The traditional list of things that are supposed to be used up ahead of fasting is now very out of date. The modern pancake recipe can now include cinnamon, buttermilk, buckwheat flour, sour cream and any number of things the middle class pancake flipper wants to include.
While I was kidding at the start about the commercial prominence of this special day (apart from the songs - who doesn't love a heartwarming rendition of Nat King Cole singing “Chestnuts roasting on an open fire, pancakes flipping on the stove”?) I have seen slightly more things than I have in previous years, like stands in supermarkets offering frying pan and batter mix combo-deals that made me think, who is this for? That said, it was a nice looking pan; the one with the red dot in the middle that used to only be sold by JML at Woolworths.
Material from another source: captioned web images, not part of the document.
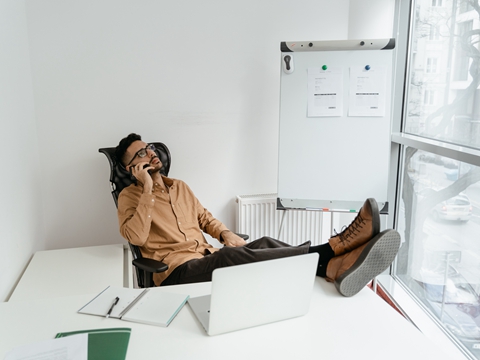 如何避免香港公司年審超期罰款？實(shí)用策略解析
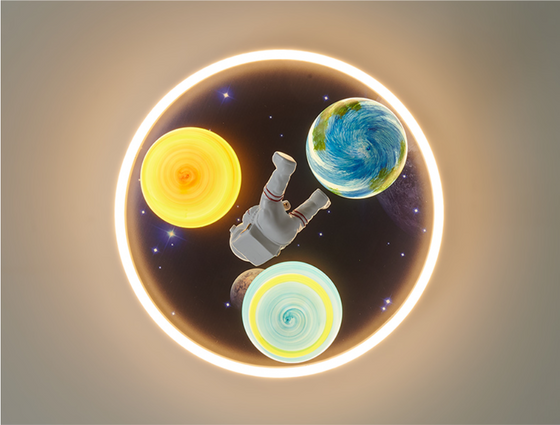 universal astronaut
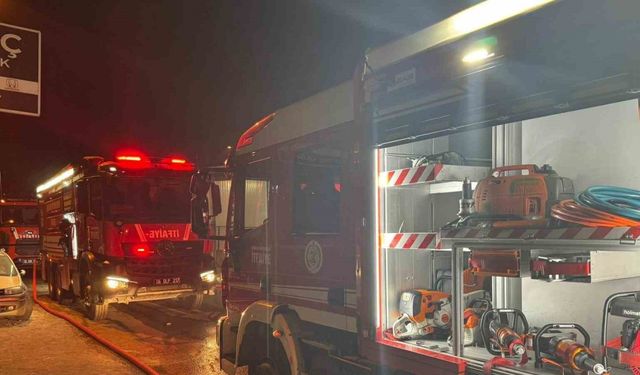 Ankara’da oto tamir dükkanında yangın paniği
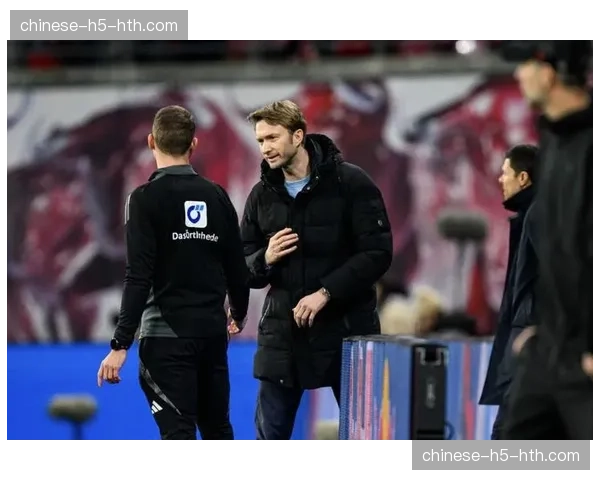 勒沃库森体育总监罗尔费斯接受专访,谈论球队长期规划 勒沃库森体育总监罗尔费斯接受专访,谈论球队长期规划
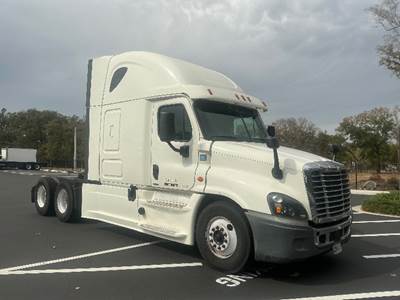 Freightliner Cascadia 125 Sleeper Semi Truck - 72" Integral Sleeper, 455HP, 12 Speed Automatic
There’s a fairly successful track record of taking religious holidays and events, slapping some capitalist gloss on them and turning them into secular societal norms. I’m not lamenting the dereligionisation of these events but I just think that if we’re going to put all our eggs (hiya Easter, we don’t have time for you right now) into the Shrove Tuesday basket, let’s lead with the better version.
Early at work recently a colleague brought in a bag of doughnuts and proclaimed ‘Happy fat Thursday’. Before I had the chance to take great offence and explain that I was still carrying some baby fat, she explained that in Poland they don’t have pancakes on a Tuesday but doughnuts five days before and it’s called Fat Thursday or tłusty czwartek. Despite the cost of ingredients being 20-30% higher than a year ago, Poles still queued out the door and round the block for the sweet treats.
We’ve been whisking batter, scratching pans and saying ‘the first one is always crap’ for years when we could have been having a box of delicious “pączki” filled with fruit or rose jam. It could already be catching on in the UK as this year a Polish bakery in Leeds sold 1500 donuts in one day… Which sounds like a challenge I'd be willing to accept.